Сей справедливый и соответствующий наивернейшему правилу резон, — сообщая
с оным и моё прискорбие в рассуждении краткой и столь превратной нашей жизни,
заставил меня взять пистолет в руки. Я никакой причины не имел пресечь своё
существование. Будущее, по моему положению, представляло мне своевольное
и приятное существование. Но сие будущее миновало бы скоропостижно, а напоследок
самое отвращение к нашей русской жизни есть то самое побуждение, принудившее
меня решить мою судьбу...
...О! Если бы все несчастные имели смелость пользоваться здравым рассудком, имея
в презрении протчее суеверие, ослепляющее почти всех слабоумных людей
до крайности, и представляли бы свою смерть как надлежит в истинном ея образе, —
они бы верно усмотрели, что столь же легко отказаться от жизни, как, например
переменить платье, цвет которого перестал нравиться...

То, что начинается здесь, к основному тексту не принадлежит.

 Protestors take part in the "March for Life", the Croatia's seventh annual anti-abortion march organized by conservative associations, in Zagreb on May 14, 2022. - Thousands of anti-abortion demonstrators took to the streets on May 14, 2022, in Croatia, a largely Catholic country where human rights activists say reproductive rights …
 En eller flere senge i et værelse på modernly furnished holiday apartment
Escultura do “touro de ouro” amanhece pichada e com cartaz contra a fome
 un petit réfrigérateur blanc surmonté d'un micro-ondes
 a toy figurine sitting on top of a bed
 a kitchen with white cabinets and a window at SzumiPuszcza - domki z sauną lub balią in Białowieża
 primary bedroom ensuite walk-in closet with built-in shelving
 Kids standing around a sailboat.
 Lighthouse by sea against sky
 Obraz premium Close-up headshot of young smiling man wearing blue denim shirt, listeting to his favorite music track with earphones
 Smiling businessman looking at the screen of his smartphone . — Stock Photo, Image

...Мне наскучило быть в общественном представлении: занавеса для меня закрылась.
Я оставляю играть роли на несколько времени тем, которые имеют ещё такую слабость.

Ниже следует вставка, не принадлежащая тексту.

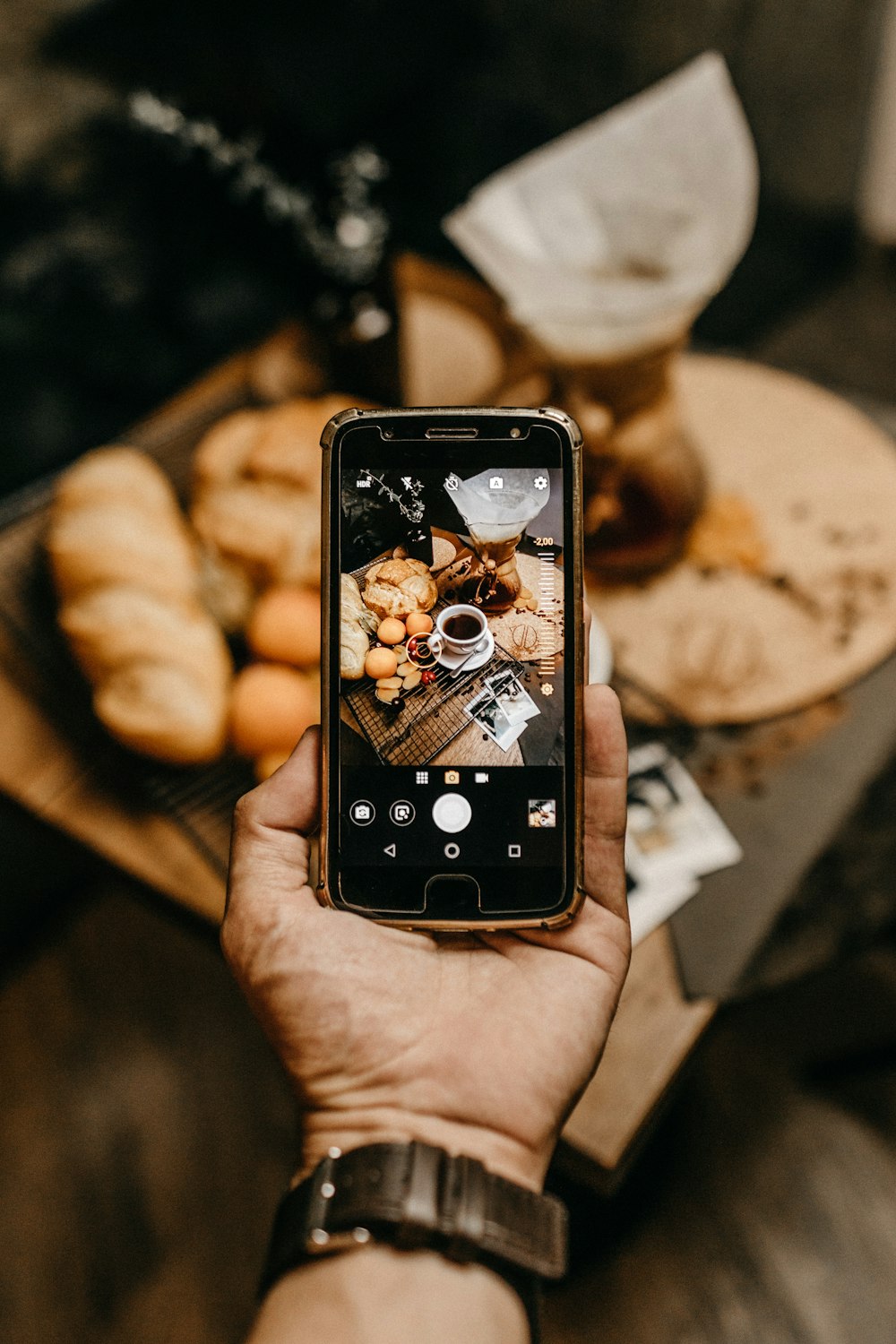 person capturing breads and coffee on smartphone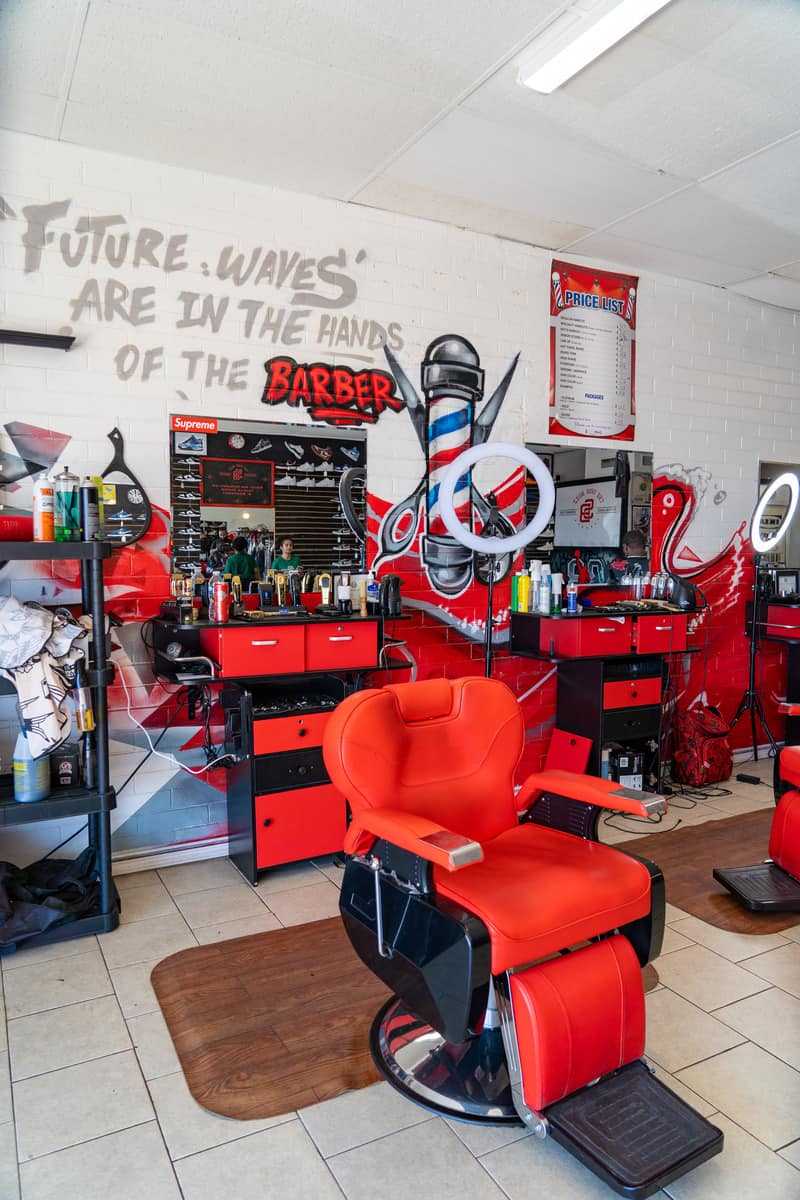 Barbershop set-up with bright red furniture and barber chairs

Несколько частиц пороху через малое время истребят сию движущуюся машину,
которую самолюбивые и суеверные мои современники называют бессмертною душою!
Господа нижние земские судьи! Я оставляю вашей команде моё тело. Я его столько
презираю... Будьте в том уверены.
...Книги! Мои любезные книги! Не знаю, кому оставить их? Я уверен, что в здешней
стороне оне никому не надобны... Прошу покорно моих наследников предать их огню.
Оне были первое моё сокровище; оне только и питали меня в моей жизни; оне были
главным пунктом моего удовольствия. Напоследок, если бы не оне, моя жизнь была бы
в беспрерывном огорчении, и я бы давно оставил с презрением сей свет.
...Вот я какой спокойный дух имею, что я некоторые стихи сочинил с французского
диалекта при своём последнем конце:
О, Боже, которого мы не знаем!
О, Боже, которого все твари возвещают!
Услыши последние вещания, кои уста мои произносят.
Если тогда я обманулся, то в исследовании Твоего закона.
Без всякого смущения взираю я на смерть, предстоящую
пред моими очами...
...Любезный брат Алексей Михайлович! Ты обо мне не беспокойся: мне давно была
моя жизнь в тягость. Я давно желал иметь предел злого моего рока. Я никогда
не имел ни самолюбия, ни пустой надежды в будущее, ниже какого суеверия.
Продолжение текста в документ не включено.